CO2 shortage causes cuts in beer production
Though the gas is abundant, a lack of food-grade CO2 threatens breweries
M. Michael Brady
Carbon dioxide (CO2) is essential to life on Earth. Land animals, including humans, exhale it into the atmosphere, and the gills of fish return it to the water in which they live. Plants and algae photosynthesize carbon dioxide to life-sustaining carbohydrates. In today’s world, that long-standing balance has been overshadowed by the burning of fossil fuels. The Earth has so much CO2 that it’s now the principal greenhouse gas causing global warming.

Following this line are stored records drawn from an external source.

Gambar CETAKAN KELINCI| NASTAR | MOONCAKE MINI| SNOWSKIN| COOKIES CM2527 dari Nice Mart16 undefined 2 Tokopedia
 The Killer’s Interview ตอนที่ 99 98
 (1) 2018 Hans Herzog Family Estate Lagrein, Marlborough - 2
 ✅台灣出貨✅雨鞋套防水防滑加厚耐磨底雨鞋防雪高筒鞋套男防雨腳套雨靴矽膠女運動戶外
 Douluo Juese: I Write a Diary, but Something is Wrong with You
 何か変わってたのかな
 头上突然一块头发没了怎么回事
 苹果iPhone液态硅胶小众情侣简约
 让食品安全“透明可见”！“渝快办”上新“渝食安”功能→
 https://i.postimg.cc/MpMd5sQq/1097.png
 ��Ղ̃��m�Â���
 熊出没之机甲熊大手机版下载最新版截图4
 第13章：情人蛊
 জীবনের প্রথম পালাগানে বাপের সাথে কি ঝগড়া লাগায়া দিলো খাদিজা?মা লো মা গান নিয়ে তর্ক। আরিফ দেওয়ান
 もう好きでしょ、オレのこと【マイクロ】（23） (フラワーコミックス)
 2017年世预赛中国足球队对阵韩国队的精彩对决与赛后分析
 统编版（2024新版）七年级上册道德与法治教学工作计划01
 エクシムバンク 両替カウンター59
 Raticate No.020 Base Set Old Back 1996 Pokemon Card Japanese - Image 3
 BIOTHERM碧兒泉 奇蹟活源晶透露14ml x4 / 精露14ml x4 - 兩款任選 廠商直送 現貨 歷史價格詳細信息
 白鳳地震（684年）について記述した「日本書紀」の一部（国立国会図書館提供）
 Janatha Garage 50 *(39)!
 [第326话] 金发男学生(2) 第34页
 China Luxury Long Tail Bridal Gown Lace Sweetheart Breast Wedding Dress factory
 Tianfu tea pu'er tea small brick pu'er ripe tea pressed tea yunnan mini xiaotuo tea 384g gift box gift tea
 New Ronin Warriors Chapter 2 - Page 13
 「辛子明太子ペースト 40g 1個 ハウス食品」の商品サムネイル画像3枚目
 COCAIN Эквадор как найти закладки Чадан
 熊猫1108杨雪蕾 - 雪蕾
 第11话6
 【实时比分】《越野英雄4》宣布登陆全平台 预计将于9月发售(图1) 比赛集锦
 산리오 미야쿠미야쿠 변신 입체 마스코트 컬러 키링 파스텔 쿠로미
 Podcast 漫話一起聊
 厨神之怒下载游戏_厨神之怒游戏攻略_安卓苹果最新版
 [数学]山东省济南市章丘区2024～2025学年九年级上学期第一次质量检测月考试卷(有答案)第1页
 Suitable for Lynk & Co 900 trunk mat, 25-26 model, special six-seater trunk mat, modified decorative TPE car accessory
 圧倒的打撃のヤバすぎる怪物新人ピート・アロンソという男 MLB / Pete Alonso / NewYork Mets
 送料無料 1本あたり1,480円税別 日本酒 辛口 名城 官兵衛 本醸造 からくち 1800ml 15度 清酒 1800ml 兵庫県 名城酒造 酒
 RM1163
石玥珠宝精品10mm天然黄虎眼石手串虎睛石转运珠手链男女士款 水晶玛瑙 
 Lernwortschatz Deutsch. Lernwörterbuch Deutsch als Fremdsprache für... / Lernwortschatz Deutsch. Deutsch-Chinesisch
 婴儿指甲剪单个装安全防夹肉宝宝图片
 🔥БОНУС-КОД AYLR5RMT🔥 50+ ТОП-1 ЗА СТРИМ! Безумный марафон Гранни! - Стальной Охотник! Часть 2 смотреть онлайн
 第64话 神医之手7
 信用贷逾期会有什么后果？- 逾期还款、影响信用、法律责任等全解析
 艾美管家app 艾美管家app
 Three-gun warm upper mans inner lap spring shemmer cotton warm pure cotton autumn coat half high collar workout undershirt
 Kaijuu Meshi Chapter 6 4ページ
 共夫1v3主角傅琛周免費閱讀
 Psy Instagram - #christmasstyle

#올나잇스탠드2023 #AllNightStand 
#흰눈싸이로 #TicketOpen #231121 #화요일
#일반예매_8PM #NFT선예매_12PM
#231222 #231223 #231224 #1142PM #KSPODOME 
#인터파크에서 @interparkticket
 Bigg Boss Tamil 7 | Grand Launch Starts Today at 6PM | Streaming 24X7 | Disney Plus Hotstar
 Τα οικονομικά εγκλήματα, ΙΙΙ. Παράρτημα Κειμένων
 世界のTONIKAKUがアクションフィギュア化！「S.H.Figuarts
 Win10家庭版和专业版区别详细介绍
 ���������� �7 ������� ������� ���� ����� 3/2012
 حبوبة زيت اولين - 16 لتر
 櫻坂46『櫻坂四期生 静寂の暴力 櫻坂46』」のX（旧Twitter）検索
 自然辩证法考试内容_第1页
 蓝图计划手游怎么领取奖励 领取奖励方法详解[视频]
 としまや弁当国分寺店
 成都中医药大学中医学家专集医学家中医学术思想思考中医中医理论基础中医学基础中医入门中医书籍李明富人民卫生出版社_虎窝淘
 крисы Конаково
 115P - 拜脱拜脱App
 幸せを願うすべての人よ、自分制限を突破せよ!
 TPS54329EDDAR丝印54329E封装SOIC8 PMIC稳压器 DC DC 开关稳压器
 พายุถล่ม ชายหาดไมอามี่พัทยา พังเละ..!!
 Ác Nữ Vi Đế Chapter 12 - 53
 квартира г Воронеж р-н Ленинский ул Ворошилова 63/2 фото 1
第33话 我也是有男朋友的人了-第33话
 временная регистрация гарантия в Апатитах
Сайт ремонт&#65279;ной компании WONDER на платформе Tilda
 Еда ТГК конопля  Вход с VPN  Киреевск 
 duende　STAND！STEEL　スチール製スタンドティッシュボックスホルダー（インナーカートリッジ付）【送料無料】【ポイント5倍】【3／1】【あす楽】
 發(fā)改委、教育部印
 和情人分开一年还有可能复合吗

Yet in Europe, enterprises that supply the public with food and drink now suffer a shortage of food-grade CO2, designated E290 in the European Food Safety Authority additive classification, corresponding to the U.S. Food and Drug Administration (FDA) GRAS (acronym for Generally Recognized as Safe) registration of it. Among its many uses are putting the bubbles in soft drinks and giving beer its fizz.
In Norway, the shortfall made headlines in mid June when the Aass Brewery in Drammen, Norway’s oldest (founded 1834), became the first to announce a cut in beer production due to its CO2 supply having been eroded by a mélange of markets. Food-grade CO2 is made from natural gas as a byproduct of ammonia production. The midsummer combination of falling ammonia prices and rising natural gas prices triggered producer cutbacks that in turn shrank supply.
The key company in that supply is Praxair Norge AS, the Norwegian entity of Praxair Inc., an American industrial gasses company with operations worldwide. At press time, the company announced an imminent resumption of CO2 production. Provided that the vagaries of the gas market don’t postpone that promise, Norwegian beer is headed for full fizz by fall.